Exercise instructions | Only the lines below, from the one with "2025 Hyundai Sonata Hybrid SEL - Photo 6" through the one with "Used 2025 Ford", are to be written out, exactly.

(Record set)

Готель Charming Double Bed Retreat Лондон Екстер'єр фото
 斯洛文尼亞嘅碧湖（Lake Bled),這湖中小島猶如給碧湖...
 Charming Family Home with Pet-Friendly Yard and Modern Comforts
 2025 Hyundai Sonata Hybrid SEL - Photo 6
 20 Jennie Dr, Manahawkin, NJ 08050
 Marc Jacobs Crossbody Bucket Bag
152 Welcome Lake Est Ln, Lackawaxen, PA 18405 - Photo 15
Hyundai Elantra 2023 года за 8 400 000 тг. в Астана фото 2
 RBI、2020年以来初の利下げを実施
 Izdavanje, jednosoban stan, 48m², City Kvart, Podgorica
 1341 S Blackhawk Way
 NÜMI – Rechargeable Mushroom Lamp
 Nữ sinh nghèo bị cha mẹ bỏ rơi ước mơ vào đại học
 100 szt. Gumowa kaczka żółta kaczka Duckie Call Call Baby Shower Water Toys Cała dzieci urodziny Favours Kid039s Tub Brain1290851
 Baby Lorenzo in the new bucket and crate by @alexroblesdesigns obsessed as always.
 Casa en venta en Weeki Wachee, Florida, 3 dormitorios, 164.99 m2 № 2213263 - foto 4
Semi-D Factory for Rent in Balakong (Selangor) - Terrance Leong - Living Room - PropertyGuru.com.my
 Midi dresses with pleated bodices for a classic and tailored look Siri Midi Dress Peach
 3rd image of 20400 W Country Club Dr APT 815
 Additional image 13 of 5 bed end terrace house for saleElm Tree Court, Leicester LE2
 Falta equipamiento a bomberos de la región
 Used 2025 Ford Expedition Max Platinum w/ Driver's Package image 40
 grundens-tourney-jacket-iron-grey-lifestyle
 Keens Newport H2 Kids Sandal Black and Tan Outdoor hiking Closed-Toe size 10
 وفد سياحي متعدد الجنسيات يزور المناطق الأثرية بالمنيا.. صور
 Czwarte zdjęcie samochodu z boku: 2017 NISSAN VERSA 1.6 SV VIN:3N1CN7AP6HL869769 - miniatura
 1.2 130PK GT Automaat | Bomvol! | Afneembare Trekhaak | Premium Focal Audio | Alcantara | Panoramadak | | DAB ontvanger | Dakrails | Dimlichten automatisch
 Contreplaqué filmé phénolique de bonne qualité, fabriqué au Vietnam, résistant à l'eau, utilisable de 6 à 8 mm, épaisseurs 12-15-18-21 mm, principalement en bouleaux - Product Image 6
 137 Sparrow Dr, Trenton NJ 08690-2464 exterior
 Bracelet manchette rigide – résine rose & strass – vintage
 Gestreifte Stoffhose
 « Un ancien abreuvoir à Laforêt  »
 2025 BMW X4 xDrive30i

(End Record set)

Solution to the problem |
 2025 Hyundai Sonata Hybrid SEL - Photo 6
 20 Jennie Dr, Manahawkin, NJ 08050
 Marc Jacobs Crossbody Bucket Bag
152 Welcome Lake Est Ln, Lackawaxen, PA 18405 - Photo 15
Hyundai Elantra 2023 года за 8 400 000 тг. в Астана фото 2
 RBI、2020年以来初の利下げを実施
 Izdavanje, jednosoban stan, 48m², City Kvart, Podgorica
 1341 S Blackhawk Way
 NÜMI – Rechargeable Mushroom Lamp
 Nữ sinh nghèo bị cha mẹ bỏ rơi ước mơ vào đại học
 100 szt. Gumowa kaczka żółta kaczka Duckie Call Call Baby Shower Water Toys Cała dzieci urodziny Favours Kid039s Tub Brain1290851
 Baby Lorenzo in the new bucket and crate by @alexroblesdesigns obsessed as always.
 Casa en venta en Weeki Wachee, Florida, 3 dormitorios, 164.99 m2 № 2213263 - foto 4
Semi-D Factory for Rent in Balakong (Selangor) - Terrance Leong - Living Room - PropertyGuru.com.my
 Midi dresses with pleated bodices for a classic and tailored look Siri Midi Dress Peach
 3rd image of 20400 W Country Club Dr APT 815
 Additional image 13 of 5 bed end terrace house for saleElm Tree Court, Leicester LE2
 Falta equipamiento a bomberos de la región
 Used 2025 Ford Expedition Max Platinum w/ Driver's Package image 40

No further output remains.